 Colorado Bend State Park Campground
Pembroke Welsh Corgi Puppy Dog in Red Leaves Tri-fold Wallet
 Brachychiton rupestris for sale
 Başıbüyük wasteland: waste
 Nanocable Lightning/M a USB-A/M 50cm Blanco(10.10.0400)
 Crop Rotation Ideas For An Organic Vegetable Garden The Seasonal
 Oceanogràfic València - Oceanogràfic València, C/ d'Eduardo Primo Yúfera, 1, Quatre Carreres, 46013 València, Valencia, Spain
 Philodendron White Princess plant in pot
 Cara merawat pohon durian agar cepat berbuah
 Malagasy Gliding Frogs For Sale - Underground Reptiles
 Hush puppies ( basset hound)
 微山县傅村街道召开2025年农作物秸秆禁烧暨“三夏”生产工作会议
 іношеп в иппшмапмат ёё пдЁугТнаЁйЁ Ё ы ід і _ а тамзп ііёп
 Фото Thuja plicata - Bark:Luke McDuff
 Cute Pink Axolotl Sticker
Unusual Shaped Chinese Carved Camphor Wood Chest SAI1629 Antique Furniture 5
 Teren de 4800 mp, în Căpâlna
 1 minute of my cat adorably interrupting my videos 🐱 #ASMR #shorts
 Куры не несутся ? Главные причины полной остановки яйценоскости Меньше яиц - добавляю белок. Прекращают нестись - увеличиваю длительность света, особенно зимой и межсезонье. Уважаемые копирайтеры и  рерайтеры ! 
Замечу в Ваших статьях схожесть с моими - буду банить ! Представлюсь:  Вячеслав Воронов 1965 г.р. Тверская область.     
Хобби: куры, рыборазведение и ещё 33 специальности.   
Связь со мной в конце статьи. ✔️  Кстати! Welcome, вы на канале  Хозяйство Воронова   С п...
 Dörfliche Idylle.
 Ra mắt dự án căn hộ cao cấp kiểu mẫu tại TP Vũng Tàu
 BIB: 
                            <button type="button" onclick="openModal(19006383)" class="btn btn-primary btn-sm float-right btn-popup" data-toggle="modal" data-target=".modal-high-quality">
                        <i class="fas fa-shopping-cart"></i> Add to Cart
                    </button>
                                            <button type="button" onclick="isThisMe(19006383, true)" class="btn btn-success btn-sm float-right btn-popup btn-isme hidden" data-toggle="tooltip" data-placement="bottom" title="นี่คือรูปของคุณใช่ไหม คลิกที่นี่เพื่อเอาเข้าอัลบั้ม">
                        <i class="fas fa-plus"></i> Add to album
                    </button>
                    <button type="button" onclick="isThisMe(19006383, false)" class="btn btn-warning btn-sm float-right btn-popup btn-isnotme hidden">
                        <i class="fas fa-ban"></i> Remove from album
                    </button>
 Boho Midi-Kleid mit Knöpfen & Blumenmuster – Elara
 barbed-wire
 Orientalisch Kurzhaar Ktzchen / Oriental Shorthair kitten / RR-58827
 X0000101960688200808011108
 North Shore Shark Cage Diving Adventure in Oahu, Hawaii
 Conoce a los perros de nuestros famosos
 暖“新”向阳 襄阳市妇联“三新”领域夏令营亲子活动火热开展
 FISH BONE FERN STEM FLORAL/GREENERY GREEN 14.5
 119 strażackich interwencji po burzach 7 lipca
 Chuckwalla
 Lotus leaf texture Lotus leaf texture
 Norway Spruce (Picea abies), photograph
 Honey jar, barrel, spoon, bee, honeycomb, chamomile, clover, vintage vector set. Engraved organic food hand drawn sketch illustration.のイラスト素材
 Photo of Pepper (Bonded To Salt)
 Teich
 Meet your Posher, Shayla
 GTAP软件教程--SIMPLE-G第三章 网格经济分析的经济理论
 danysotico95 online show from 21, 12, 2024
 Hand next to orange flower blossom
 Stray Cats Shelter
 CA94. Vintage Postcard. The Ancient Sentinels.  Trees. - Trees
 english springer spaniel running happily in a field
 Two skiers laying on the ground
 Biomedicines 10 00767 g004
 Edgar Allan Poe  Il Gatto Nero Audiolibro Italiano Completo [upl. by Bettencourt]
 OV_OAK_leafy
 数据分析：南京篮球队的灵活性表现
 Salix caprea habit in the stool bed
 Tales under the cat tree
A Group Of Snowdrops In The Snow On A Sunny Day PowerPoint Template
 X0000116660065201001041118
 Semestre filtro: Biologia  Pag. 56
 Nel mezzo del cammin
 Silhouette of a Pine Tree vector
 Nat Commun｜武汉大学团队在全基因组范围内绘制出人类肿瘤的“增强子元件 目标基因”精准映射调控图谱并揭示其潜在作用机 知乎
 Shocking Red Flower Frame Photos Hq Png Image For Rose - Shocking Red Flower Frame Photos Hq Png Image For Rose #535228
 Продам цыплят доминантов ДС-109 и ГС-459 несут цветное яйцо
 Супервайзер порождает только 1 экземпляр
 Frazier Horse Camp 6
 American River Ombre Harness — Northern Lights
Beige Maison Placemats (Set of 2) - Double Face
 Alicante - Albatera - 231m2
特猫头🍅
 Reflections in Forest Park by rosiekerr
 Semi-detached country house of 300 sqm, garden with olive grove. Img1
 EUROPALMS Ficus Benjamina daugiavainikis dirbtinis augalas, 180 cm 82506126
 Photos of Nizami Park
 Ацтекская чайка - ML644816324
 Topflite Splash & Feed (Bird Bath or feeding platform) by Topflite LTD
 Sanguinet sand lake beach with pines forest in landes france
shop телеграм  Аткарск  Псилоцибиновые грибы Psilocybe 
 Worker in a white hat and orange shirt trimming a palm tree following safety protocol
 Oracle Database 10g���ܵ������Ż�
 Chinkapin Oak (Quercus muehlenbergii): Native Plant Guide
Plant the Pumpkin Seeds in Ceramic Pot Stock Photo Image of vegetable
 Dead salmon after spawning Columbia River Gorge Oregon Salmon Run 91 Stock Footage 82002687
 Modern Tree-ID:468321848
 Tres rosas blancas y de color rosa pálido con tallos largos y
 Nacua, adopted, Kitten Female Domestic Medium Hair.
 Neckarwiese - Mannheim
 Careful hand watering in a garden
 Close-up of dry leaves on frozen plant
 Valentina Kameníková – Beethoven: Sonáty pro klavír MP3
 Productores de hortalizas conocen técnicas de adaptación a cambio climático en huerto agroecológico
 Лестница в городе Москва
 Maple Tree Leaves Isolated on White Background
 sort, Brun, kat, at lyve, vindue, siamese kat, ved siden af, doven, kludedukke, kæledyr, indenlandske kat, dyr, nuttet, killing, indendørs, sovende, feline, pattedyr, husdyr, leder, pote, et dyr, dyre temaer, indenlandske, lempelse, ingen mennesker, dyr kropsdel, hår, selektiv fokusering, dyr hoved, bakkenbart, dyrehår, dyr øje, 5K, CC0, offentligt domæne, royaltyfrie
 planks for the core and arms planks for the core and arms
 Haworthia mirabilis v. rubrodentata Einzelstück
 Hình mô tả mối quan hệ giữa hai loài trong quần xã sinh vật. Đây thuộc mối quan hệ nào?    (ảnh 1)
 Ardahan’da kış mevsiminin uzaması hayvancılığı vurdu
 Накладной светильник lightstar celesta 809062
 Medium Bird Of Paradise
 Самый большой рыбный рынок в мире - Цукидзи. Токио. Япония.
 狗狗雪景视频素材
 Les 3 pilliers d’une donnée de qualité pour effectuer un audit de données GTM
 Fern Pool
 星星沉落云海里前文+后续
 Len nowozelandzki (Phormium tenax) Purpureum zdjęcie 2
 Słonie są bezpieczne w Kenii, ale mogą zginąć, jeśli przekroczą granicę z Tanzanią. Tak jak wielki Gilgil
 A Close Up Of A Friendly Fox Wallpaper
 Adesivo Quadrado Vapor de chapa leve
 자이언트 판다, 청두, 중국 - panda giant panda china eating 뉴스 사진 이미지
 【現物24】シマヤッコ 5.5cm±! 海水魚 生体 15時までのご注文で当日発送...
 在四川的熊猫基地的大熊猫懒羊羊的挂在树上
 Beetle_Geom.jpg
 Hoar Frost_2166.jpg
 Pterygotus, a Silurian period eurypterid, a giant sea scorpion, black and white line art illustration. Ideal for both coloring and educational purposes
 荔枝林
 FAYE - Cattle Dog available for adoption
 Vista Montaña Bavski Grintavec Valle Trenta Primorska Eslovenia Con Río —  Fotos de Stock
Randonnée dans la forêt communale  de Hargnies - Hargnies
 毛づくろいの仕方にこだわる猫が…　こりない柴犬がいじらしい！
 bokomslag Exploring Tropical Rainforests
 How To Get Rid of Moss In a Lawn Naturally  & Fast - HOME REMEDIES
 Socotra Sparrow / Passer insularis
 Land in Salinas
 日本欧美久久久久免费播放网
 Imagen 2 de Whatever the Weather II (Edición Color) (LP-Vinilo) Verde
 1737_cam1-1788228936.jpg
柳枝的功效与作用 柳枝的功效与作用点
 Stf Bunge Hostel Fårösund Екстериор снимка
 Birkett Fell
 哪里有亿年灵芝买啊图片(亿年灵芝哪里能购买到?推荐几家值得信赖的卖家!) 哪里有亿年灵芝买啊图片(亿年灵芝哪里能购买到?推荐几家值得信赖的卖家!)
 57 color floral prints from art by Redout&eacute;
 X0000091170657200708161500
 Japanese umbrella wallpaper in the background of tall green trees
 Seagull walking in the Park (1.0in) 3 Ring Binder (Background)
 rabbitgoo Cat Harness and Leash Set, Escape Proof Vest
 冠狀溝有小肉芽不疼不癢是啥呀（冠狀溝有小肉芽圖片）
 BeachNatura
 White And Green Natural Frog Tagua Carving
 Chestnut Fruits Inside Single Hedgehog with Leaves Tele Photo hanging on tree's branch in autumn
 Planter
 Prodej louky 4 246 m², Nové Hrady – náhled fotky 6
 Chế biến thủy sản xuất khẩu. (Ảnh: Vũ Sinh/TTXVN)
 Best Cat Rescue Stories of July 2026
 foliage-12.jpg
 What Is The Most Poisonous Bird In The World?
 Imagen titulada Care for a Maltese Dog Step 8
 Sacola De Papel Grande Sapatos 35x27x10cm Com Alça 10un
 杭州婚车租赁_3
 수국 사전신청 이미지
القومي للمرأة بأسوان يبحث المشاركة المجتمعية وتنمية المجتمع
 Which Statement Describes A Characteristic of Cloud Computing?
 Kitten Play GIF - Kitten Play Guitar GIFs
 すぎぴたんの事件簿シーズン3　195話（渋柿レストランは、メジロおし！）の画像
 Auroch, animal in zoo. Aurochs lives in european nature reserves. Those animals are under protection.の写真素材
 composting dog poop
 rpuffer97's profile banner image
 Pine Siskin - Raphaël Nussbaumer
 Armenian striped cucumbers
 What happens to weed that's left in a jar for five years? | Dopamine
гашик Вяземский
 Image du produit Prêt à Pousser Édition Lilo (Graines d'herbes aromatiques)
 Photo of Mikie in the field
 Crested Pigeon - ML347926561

----------------

■ What is expected:
Reproduce the lines above, beginning at the line with "Meet your Posher, Shayla" and stopping after the line with "Two skiers laying on the ground", exactly as they are.

■ Answer area:
 Meet your Posher, Shayla
 GTAP软件教程--SIMPLE-G第三章 网格经济分析的经济理论
 danysotico95 online show from 21, 12, 2024
 Hand next to orange flower blossom
 Stray Cats Shelter
 CA94. Vintage Postcard. The Ancient Sentinels.  Trees. - Trees
 english springer spaniel running happily in a field
 Two skiers laying on the ground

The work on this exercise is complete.